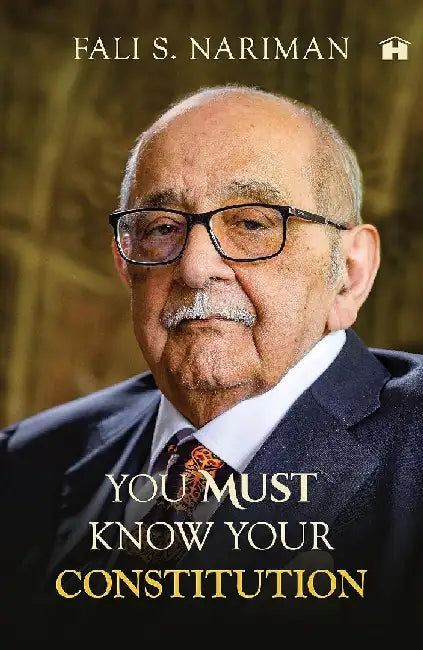 You Must Know Your Constitution by Fali S. Nariman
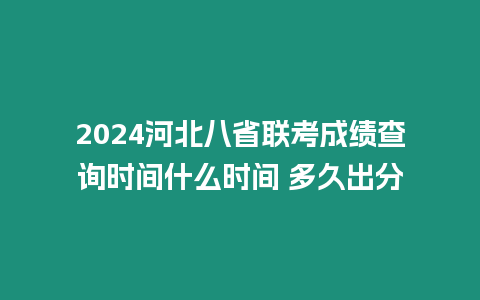 2024河北八省聯(lián)考成績查詢時間什么時間 多久出分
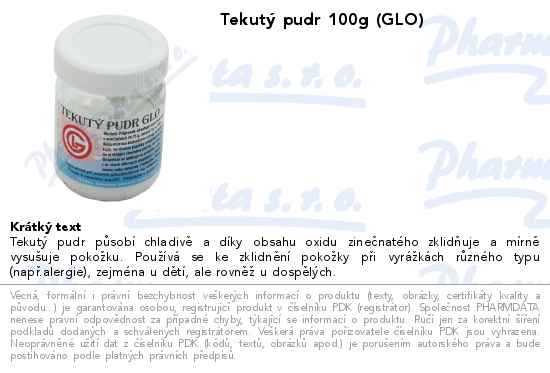 TekutĂ˝ pudr 100g (GLO)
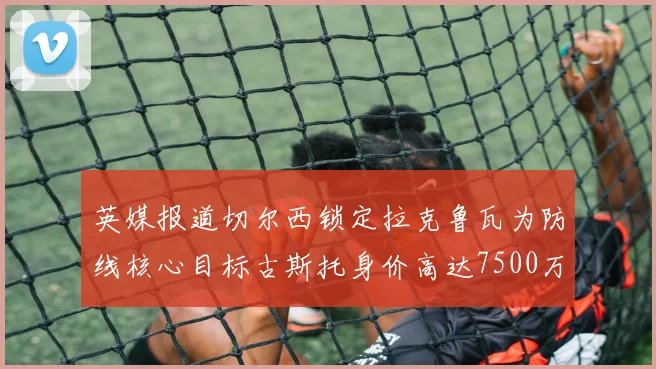 英媒报道切尔西锁定拉克鲁瓦为防线核心目标古斯托身价高达7500万镑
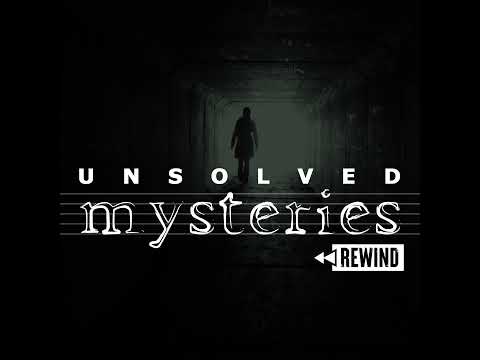 Unsolved Mysteries Rewind: Episode 11 – Jeremy Bright, Michaela Garecht and Tatums Ghost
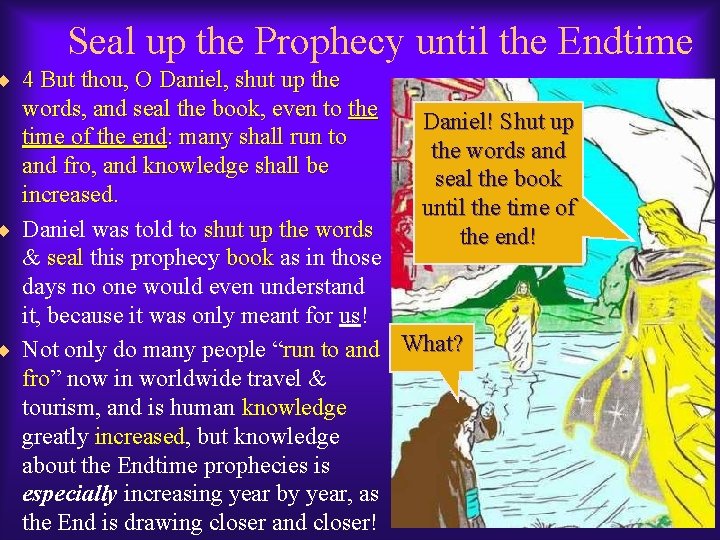 Seal up the Prophecy until the Endtime ¨ 4 But thou, O Daniel, shut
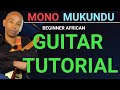AFRICAN GUITAR BEGINNER TUTORIAL-CLIVE MONO MUKUNDU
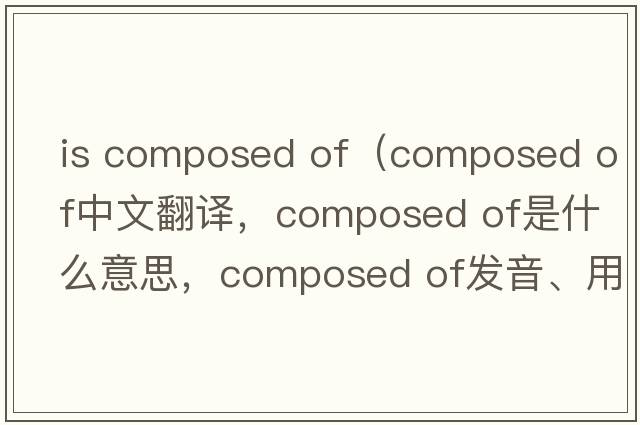 is composed of（composed of中文翻譯，composed of是什么意思，composed of發(fā)音、用法及例句）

+---+

> Prompt:
If any image appears in the entries, omit it and return the rest verbatim.

> Response to this task:
 You Must Know Your Constitution by Fali S. Nariman
 2024河北八省聯(lián)考成績查詢時間什么時間 多久出分
 TekutĂ˝ pudr 100g (GLO)
 英媒报道切尔西锁定拉克鲁瓦为防线核心目标古斯托身价高达7500万镑
 Unsolved Mysteries Rewind: Episode 11 – Jeremy Bright, Michaela Garecht and Tatums Ghost
 Seal up the Prophecy until the Endtime ¨ 4 But thou, O Daniel, shut
AFRICAN GUITAR BEGINNER TUTORIAL-CLIVE MONO MUKUNDU
 is composed of（composed of中文翻譯，composed of是什么意思，composed of發(fā)音、用法及例句）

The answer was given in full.